Although several patents for eccentric-hub cycles exist from 1928, the most popular incarnation was patented in 1934 by brothers Phillip and Prescott Huyssen and called the "Exercycle". It was produced by the Ingersoll Steel & Disc Co. (a division of Borg-Warner Corp.), from 1934 to 1937, under the name "Ingo-bike". A large number of publicity events and promotions popularised the bike and a group of Ingo-bikers in the late 1930s traveled from Chicago to Miami in 30 days. Production ceased when the factory re-tooled to begin producing armaments prior to the Second World War. Phillip Huyssen continued designing variations until at least the 1970s. In the Three Stooges movie Yes, We Have No Bonanza, Curly rides up to a saloon bar on an Ingo-Bike.

===Kangaroo Scooter===
Apparently re-introduced as a children's scooter in the 1960s with the name "kangaroo scooter", kangaroo scooters were built in Taiwan for a company based in Concord, California. They had the eccentric rear wheel and a front caliper brake, chrome fenders, and a kickstand.

Another device, also called the Kangaroo Scooter, has been designed and sold by Ron and Johnny Knox's company, Knoxcooter Inc., of Weyburn, Canada since 2004. This variant includes a one-sided rear wheel support, disk brakes and uniquely a clutched rear hub; which allows the user to coast for periods without bouncing up and down.

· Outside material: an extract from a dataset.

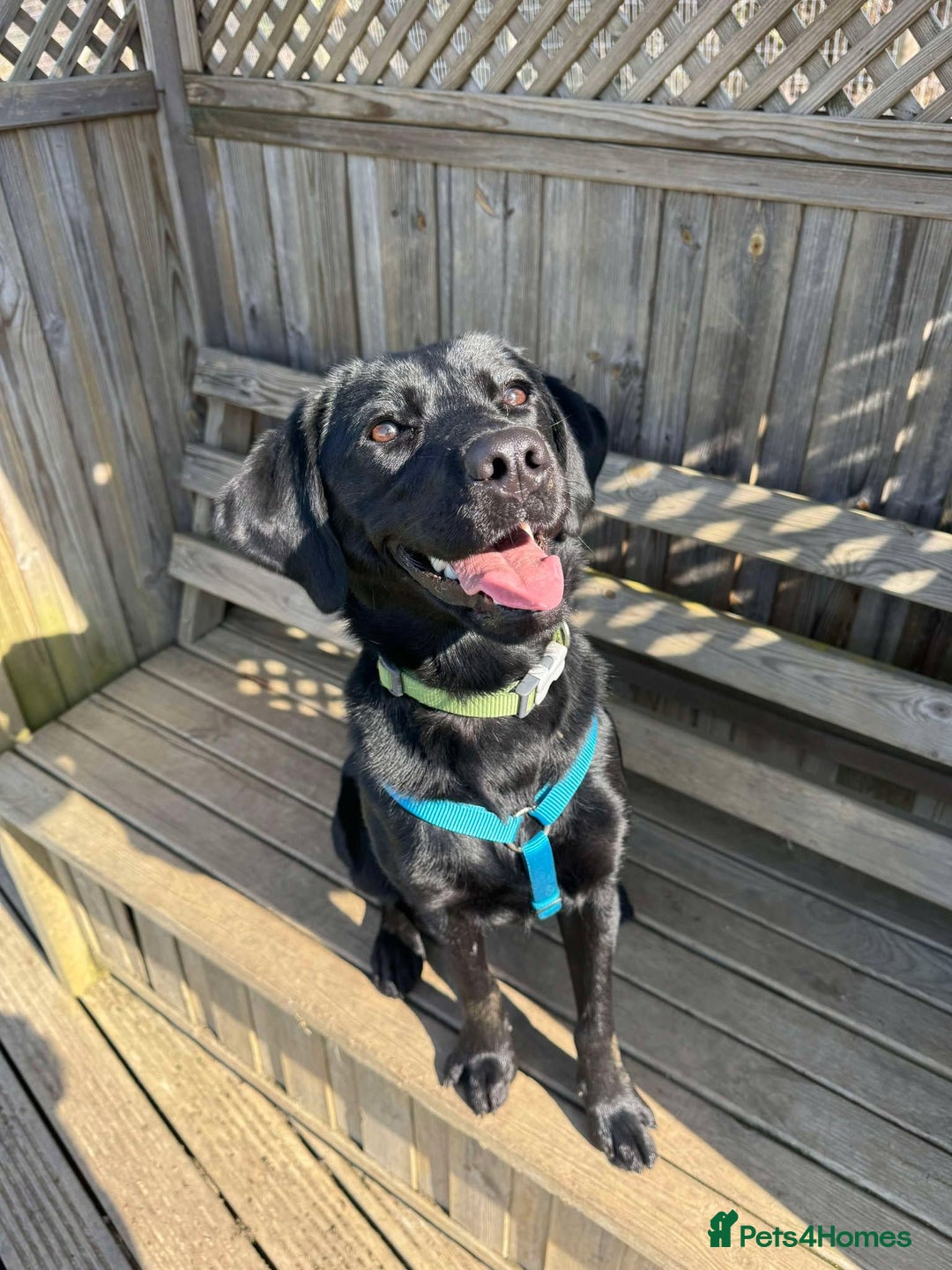 Mixed Breed dogs for adoption: Holly is in search of her forever home.  - Image 2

Contrary to popular belief, the Eco-Fav (Frequency Accelerated Velocipede) scooter is efficient enough to ride uphill; many users prefer to ride it on an incline to increase their workout resistance.

===Bounce Bike===
A similar concept is the 'Bounce-Bike' which has an eccentric front wheel and a small rear wheel.

===Whymcycle===
Peter Wagner has produced variants called "whymcycles" since the 1990s. The name is derived from the word 'whimsical.' Several dozen units of various configuration have been produced.